*Exercise prompt:*
When you reach the line with "Still Life with" in the listing below, write out that line and every one after it exactly, and skip the pictures.

*Materials provided:*

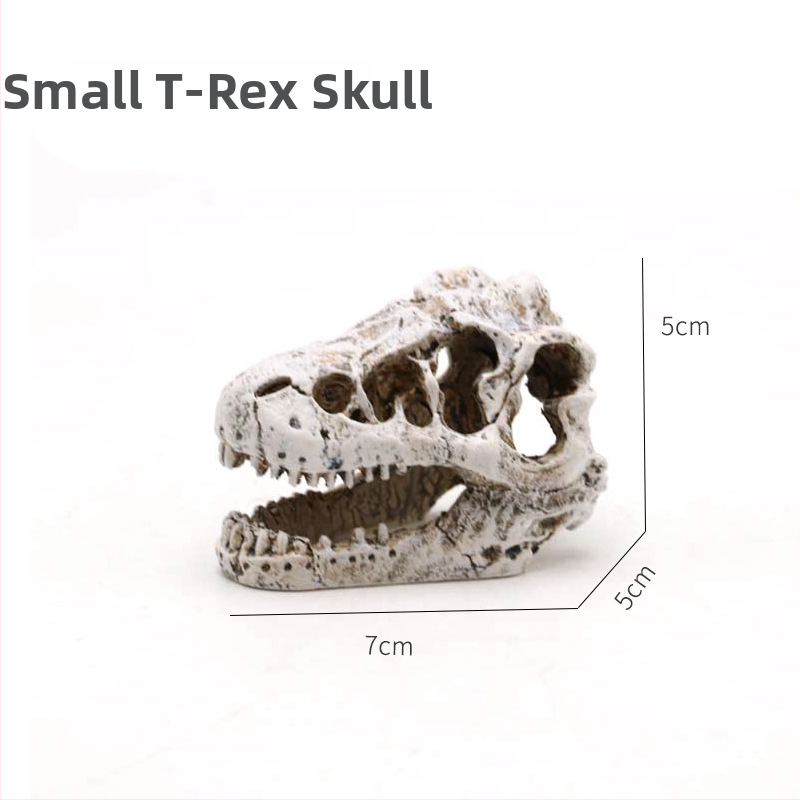 Dekorácia do akvária s lebkou dinosaura zo živice a figúrkou fúzatého draka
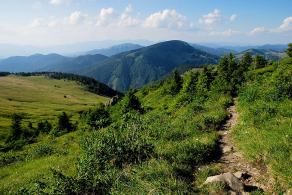 Impressions from Große Fatra / Veľká Fatra #25, Große Fatra / Veľká Fatra, Juli 2014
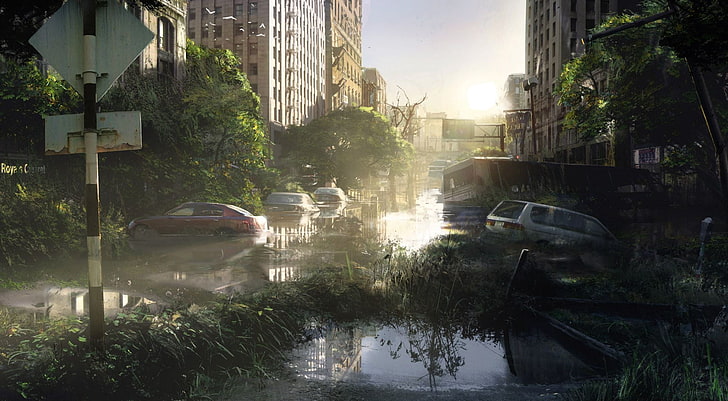 red sedan, The Last of Us, water, transportation, motor vehicle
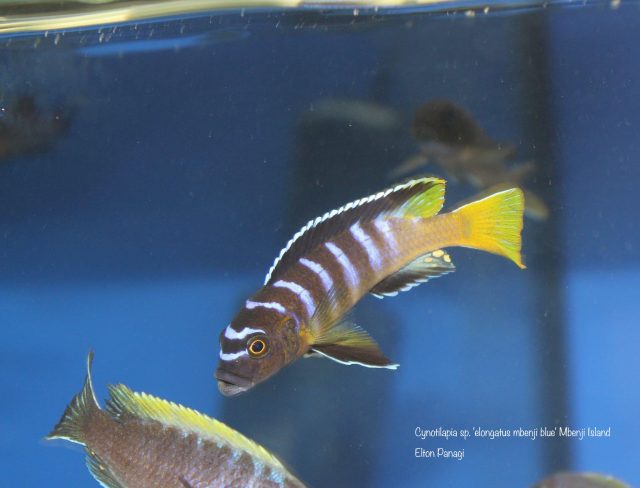Cynotilapia sp. 'elongatus mbenji blue'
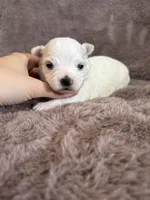 Hazel, a female Maltese for sale in Irvington, KY – Photo 4 of 8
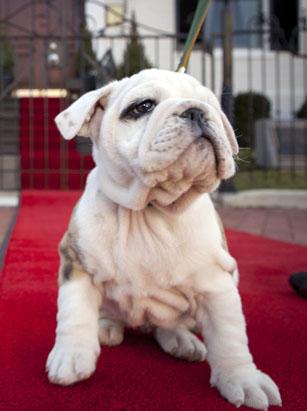 Meet Us Marines Mascot Chesty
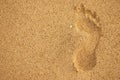 Summer sea, human footprint on the sand directly above, close up Royalty Free Stock Photo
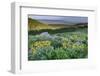 USA, Wyoming. Arrowleaf balsamroot wildflowers in meadow, summer, Caribou-Targhee National Forest-Howie Garber-Framed Photographic Print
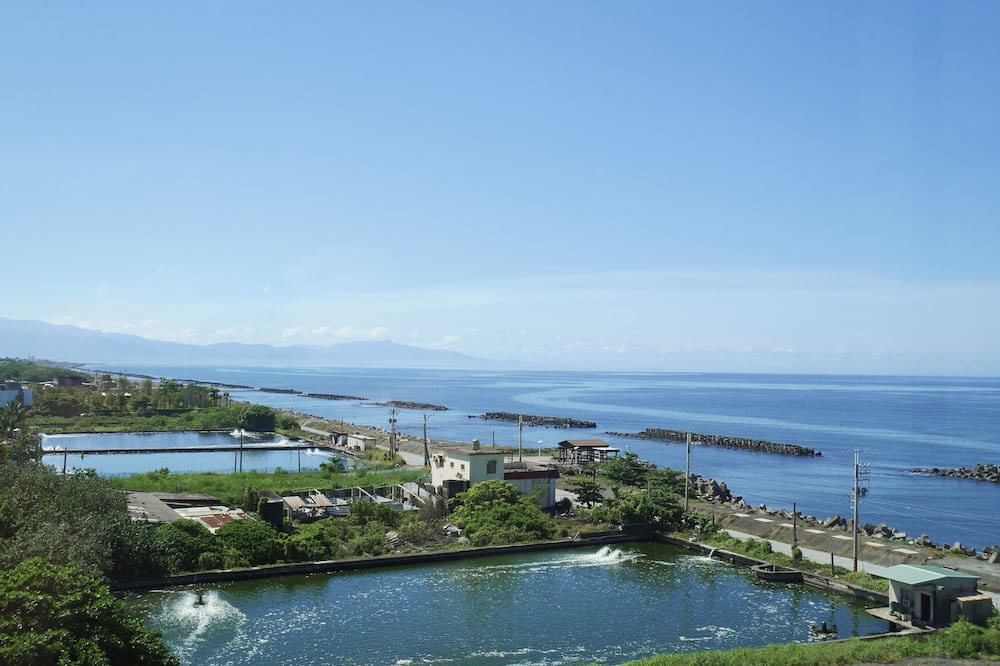 Photo of Outdoor in Donggang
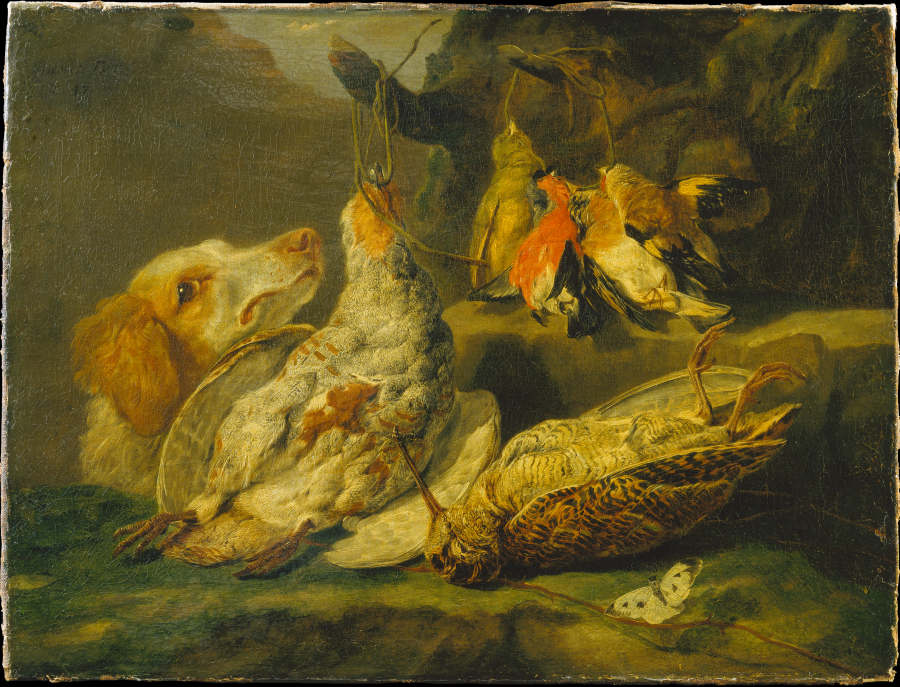 Still Life with Hunting Dog and Dead Fowl a Jan Fyt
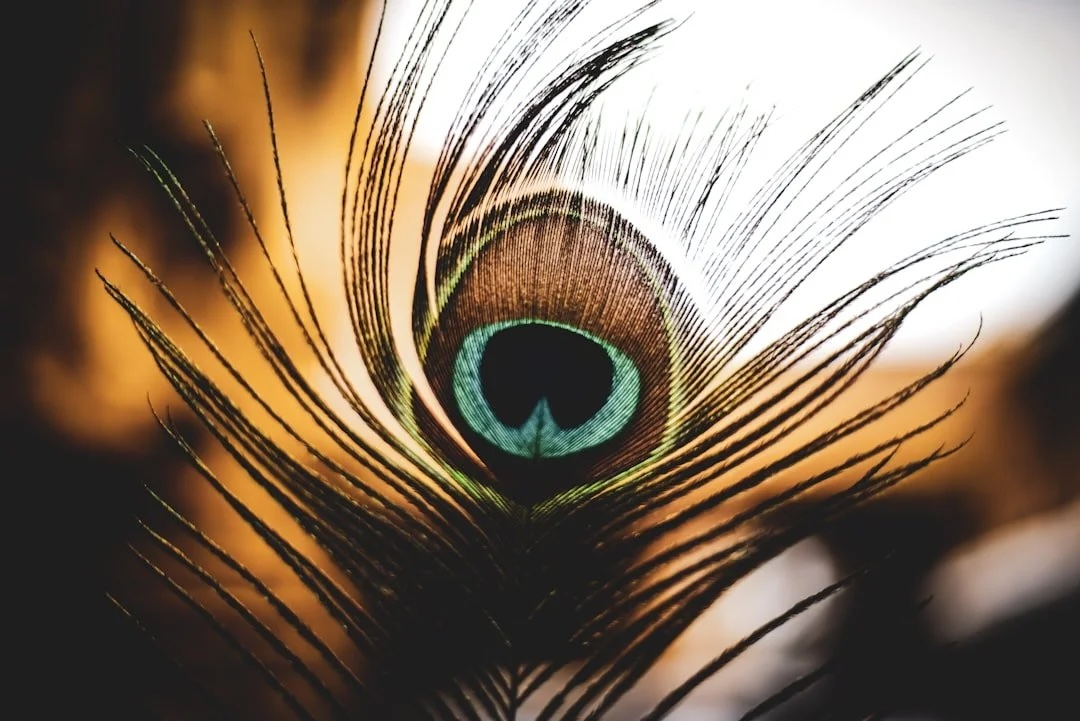 Contemplative practice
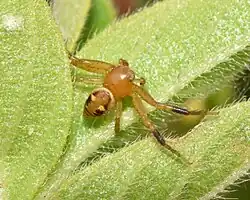 S. mandibulare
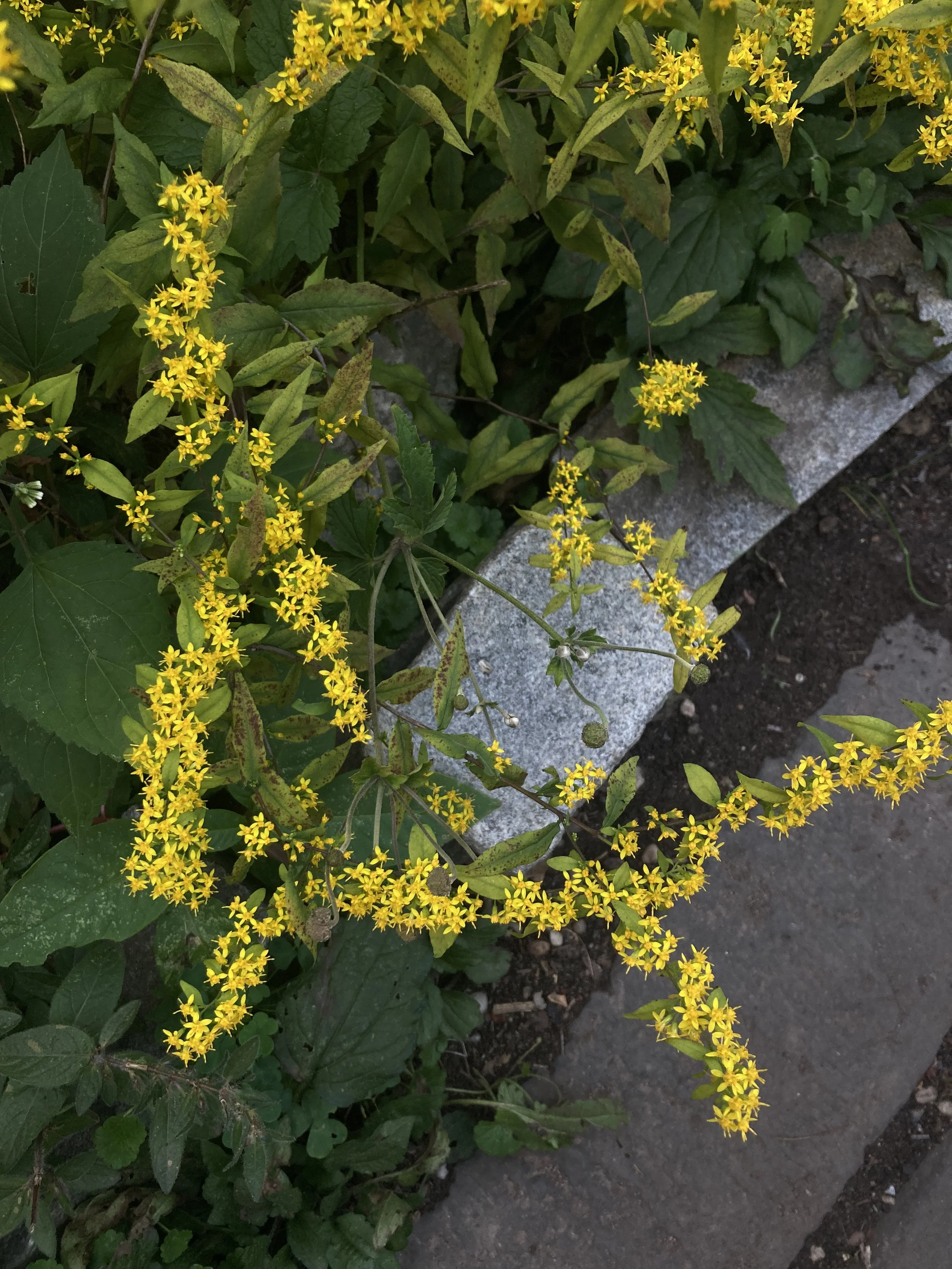 IMG_0144.jpeg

*Written solution:*
 Still Life with Hunting Dog and Dead Fowl a Jan Fyt
 Contemplative practice
 S. mandibulare
 IMG_0144.jpeg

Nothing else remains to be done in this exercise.